ねじれていた親子関係が少しずつ解きほぐされ、親子の絆が深まっていく心温まるヒューマンストーリー。

読売新聞の夕刊に連載されていましたが、小出しでの文章を読んでストーリーをつかむのが苦手なので、書籍化されるのを待っていました。


【あらすじ】

問題を起こし家裁に送られてきた16歳の少年、春斗の補導委託を突然引き受けた父・孝雄。

南部鉄器の職人としては一目置いているが、仕事一筋で決してよい親とは言えなかった父の行動に反発する主人公の悟。

納得いかぬまま迎え入れることになった保護観察中の春斗と工房で共に働き、同じ屋根の下で暮らすうちに、悟の心は少しずつ変化していく。


【感想】

孝雄と悟、達也・緑と春斗、それぞれの親子間の愛情や葛藤など、揺れ動く心の機微と少しずつ打ち解けられていく過程が描かれていました。


親は自分が過去に経験した辛い思いと同じような苦労を我が子にはさせたくない、との考えから親の思いを子供に押し付けてしまうことは、愛情ではない。子供のたった一度の人生を壊してしまう。

子供のやりたいことや夢を応援し、味方になってあげることの大切さが伝わってきました。


登場人物はみないい人ばかりです。しかし、家族だからこそ、届かない思いと語られない過去があり、そうした思いや気持ちは言葉(形)にして伝えていかなければ決して相手には伝わりません。

スナック『マリー』のママの言葉のとおり、身近な人ほど近すぎて見えないこともあると思いました。
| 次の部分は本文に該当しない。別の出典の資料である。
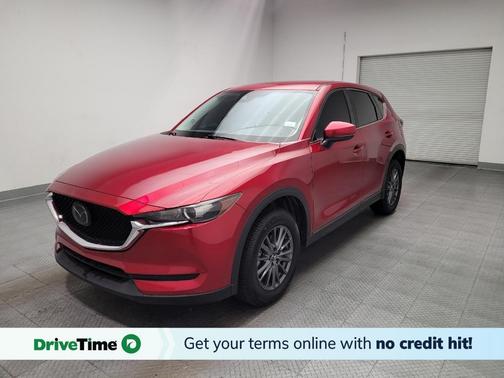Soul Red Crystal Metallic 2021 Mazda CX-5 Touring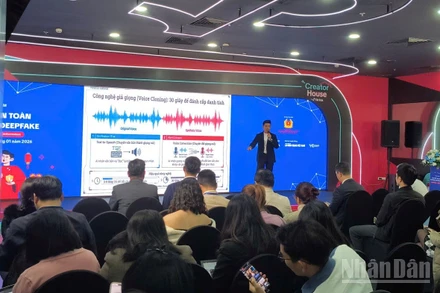 Toàn cảnh tọa đàm “Vui Tết an toàn - không lo Deepfake”,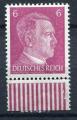 Timbre ALLEMAGNE Empire III Reich 1941-43 Neuf **  N 709 + BF Y&T  Personnage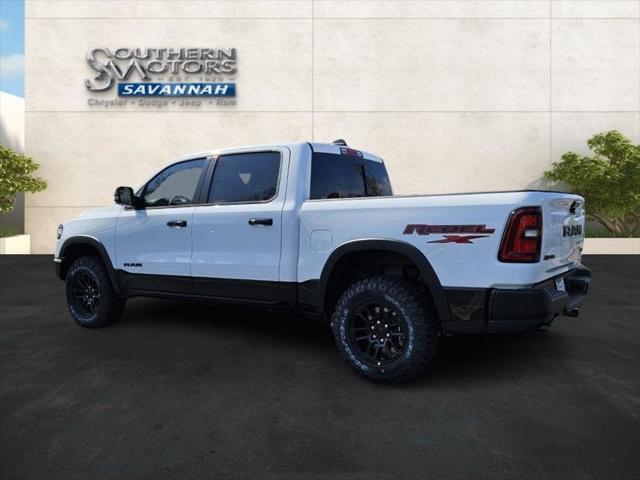 2025 RAM Ram 1500 RAM 1500 REBEL CREW CAB 4X4 57 BOX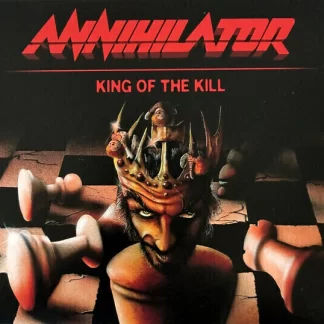 ANNIHILATOR - King Of The Kill (Con Bonus)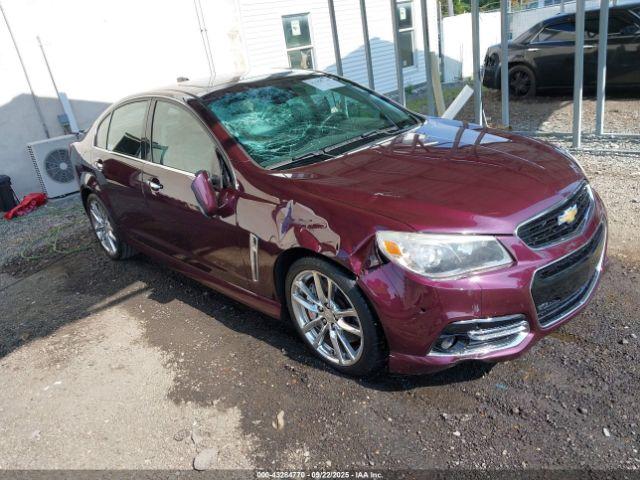  Salvage Chevrolet SS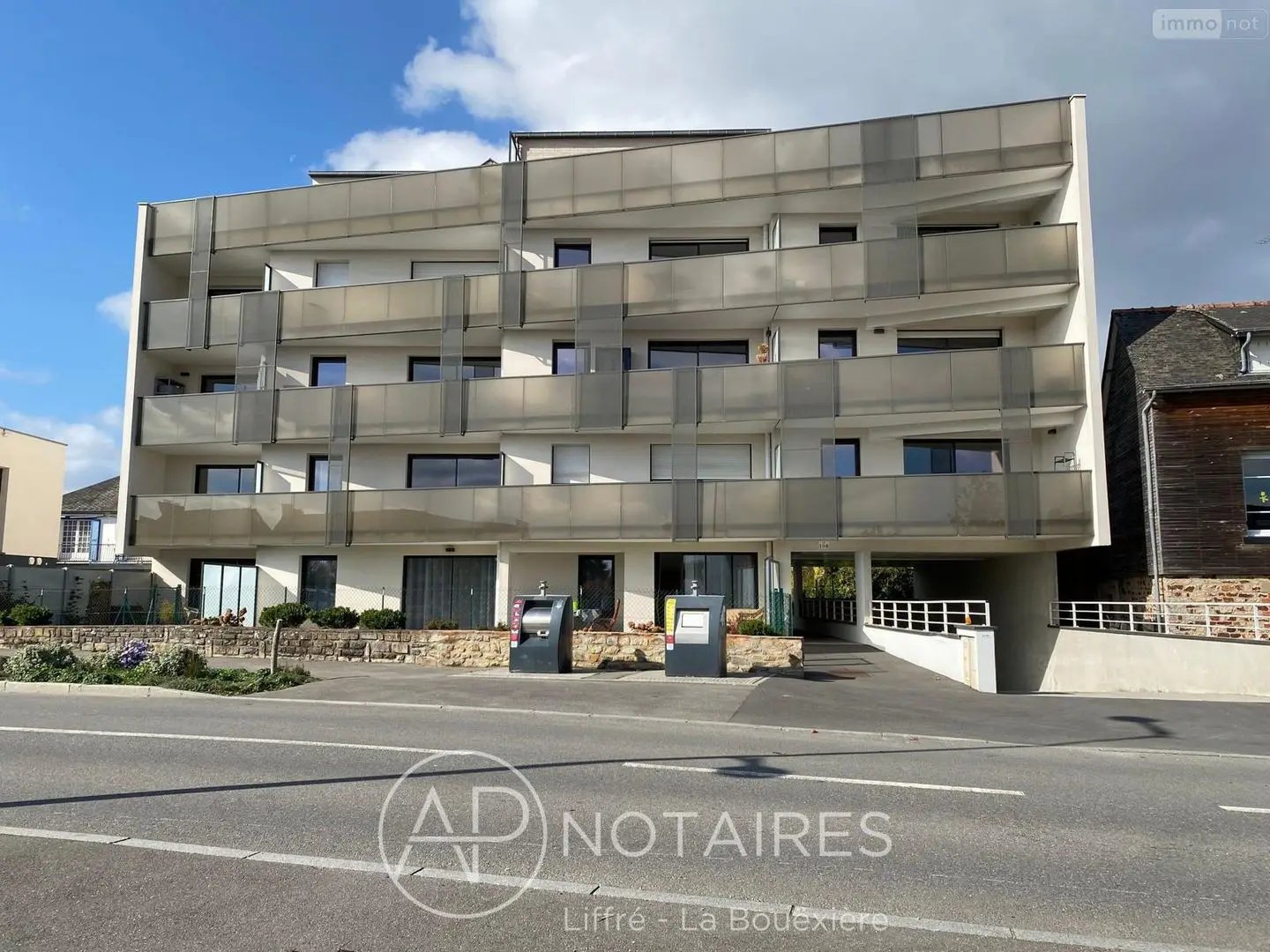 Appartement à vendre, 66m², Liffré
岩手県盛岡を舞台に、父、孝雄の過去を知る鍵となる宮沢賢治の『銀河鉄道の夜』の『グスコーブドリの伝説』。

後半の第七章、第八章は感動して🥹、思わず目頭が熱くなりました。


青く晴れ渡った空を見上げ、爽やかな風が吹いてきたラストが、とても清々しかったです。


​【印象に残ったフレーズ】


【父 小原孝雄(72歳)の言葉】

「何かあったら言うんだよ。思っていることを言葉にするのはとても大切なんだ。特に、不平や不満はね。言葉にして身体の外に出さないと、腹のなかでどんどん膨らんで、心も身体も具合が悪くなってしまう」


「私が思うに、ちゃんと、とは、人の道に背くようなことをせず、人に迷惑をかけず、何かに怒ったり、誰かを憎んだり、深い悲しみに暮れるときがあっても、自分の力で少しでも健やかに生きようとすること、だと思うのですが、お母さんはどう思われますか」



【南部鉄器製造会社 盛祥の会長 清水直之助の言葉】

「物事には風というものがありましてね。仕事、人生、時代にいろんな風が吹く。穏やかなそよ風もあれば、激しい暴風もある。ほかにも追い風、逆風などがありますが、人はそれらに翻弄されるんですがいい風に乗ったと思ったら、一転して嵐のような風に見舞われ転落したりする。それが世の理だから致し方ないのですが、それらに向かうために必要なものは何だか分かりますか」「強さです」「どんな風にも動じない、強さが必要なんです」


風は運不運という言葉に置き換えられるものだろう。真面目、努力、根性といった精神論が通じるものではない。人間が何をしても、どうにもならないものだ。そんな途方もないものに向かう強さをもつ。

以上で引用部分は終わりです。